The authority said it would not purchase any bonds directly from bondholders, limiting the transactions to secondary market trading portals. The agency is registered with Restricted Securities Trading Network at www.restrictedsecurities.net, but reported that it may register with additional portals.

The agency would not tap general funds to cover the cost of the potential purchase, according to the notice. "MOHELA presently anticipates that it will be using its restricted funds within the resolution trust estate ... for any purchases of the auction bonds," the notice reads.

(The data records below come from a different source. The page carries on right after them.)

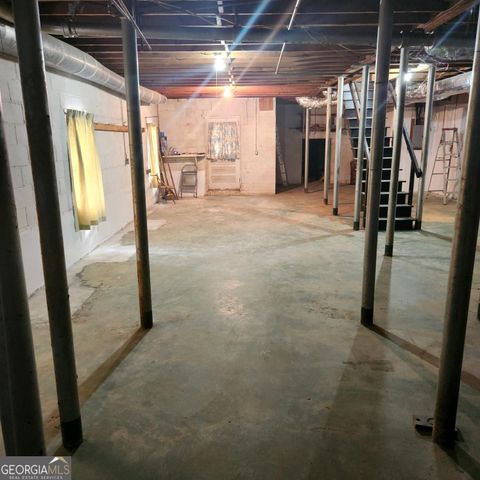 1049 Ormewood Avenue SE, Atlanta, GA 30316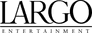 Largo Entertainment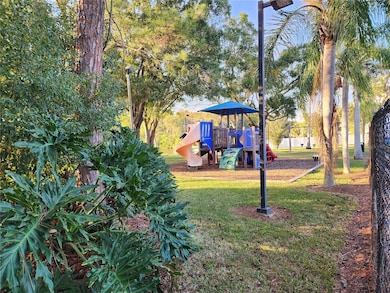 1206 Sawgrass Ct, Oldsmar, FL 34677 - photo 4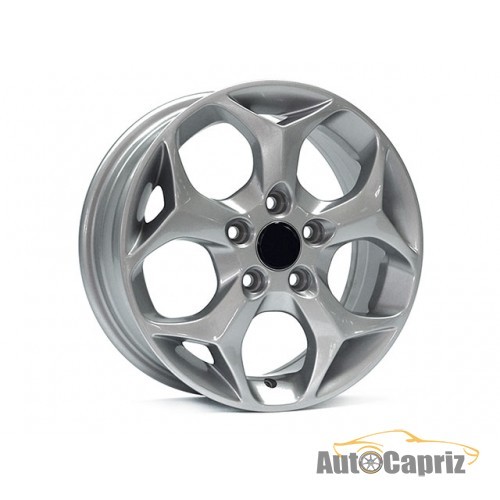 Диски Storm WR M0029 S R15 W6 PCD5x108 ET52.5 DIA63.4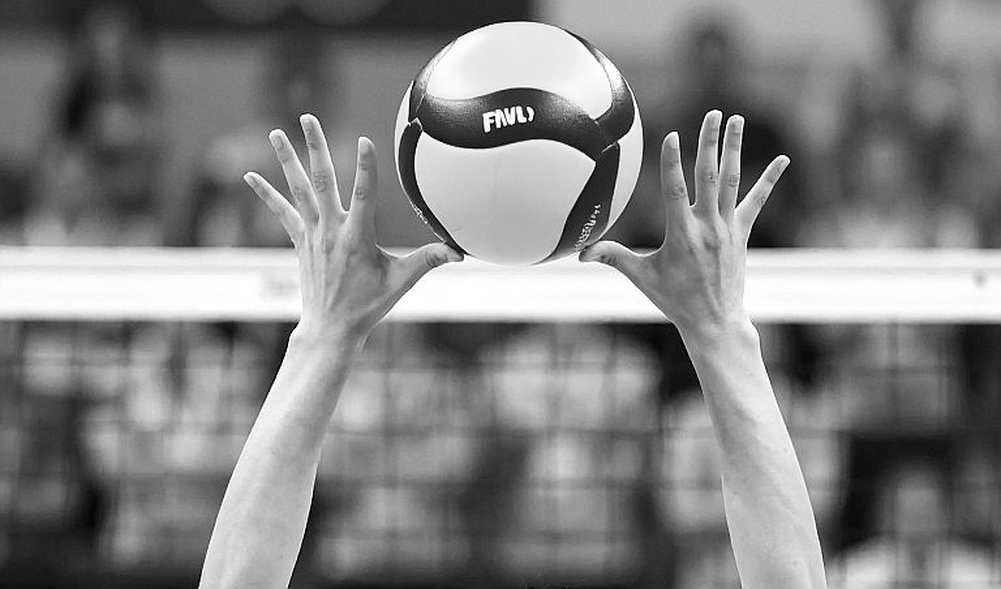 Fukuoka 2026: Japan and the Race for the LA 2028 Olympic Berth Fukuoka 2026: Japan and the Race for the LA 2028 Olympic Berth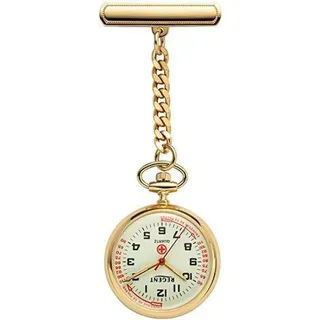 Regent - 32-P-758 - Damenuhr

The $3.5 billion of ARS include a mix of senior and subordinate debt with the senior securities carrying top ratings from Fitch Ratings and Moody's Investors Service and the subordinate bonds carrying mid-level single A ratings. The top ratings on the senior debt are because those securities are backed by loans guaranteed through various federal student loan programs.

While rates began to rise last August as the credit crunch heightened liquidity concerns, the authority began experiencing widespread auction failures in February as investors stopped bidding on the securities and auction agents, faced with their own liquidity concerns.

The possible purchase by MOHELA is just one of a series of options under consideration by the authority to address the collapse of the auction-rate market. Other options include the possible restructuring of its debt and the possible sale of certain loans that secure bonds, according to past notices.

Although $30 million represents just a small chunk of the authority's auction-rate holdings, MOHELAis the first issuer to make a public statement about the possible repurchase of some of its auction-rate securities in the secondary market, according to the Restricted Securities Trading Network. Such outright purchases can be difficult for student loan agencies that typically have little cash on hand.

"They know there a lot of holders with a need for capital," said the network's Barry Silbert, who added that the firm is in "discussions" with several other issuers about possible secondary market purchases of their ARS.

MOHELA reported its first loss ever for the first quarter of 2008, although officials have said in published reports that it should end the year in the black. In a move aimed at helping the agency improve its balance sheet, the Missouri House and Senate recently approved legislation expanding the federal loan programs MOHELA can originate.

Some lawmakers believe that if the authority was not required to sell $350 million in assets under a previously approved plan pushed by Gov. Matt Blunt to fund higher education projects, the agency would have had more flexibility to navigate through the current credit crisis.

President Bush also recently signed legislation that will allow the Department of Education to temporarily purchase loans held by student loan lenders, a move that supporters of the measure said would help mitigate a looming student lending crisis.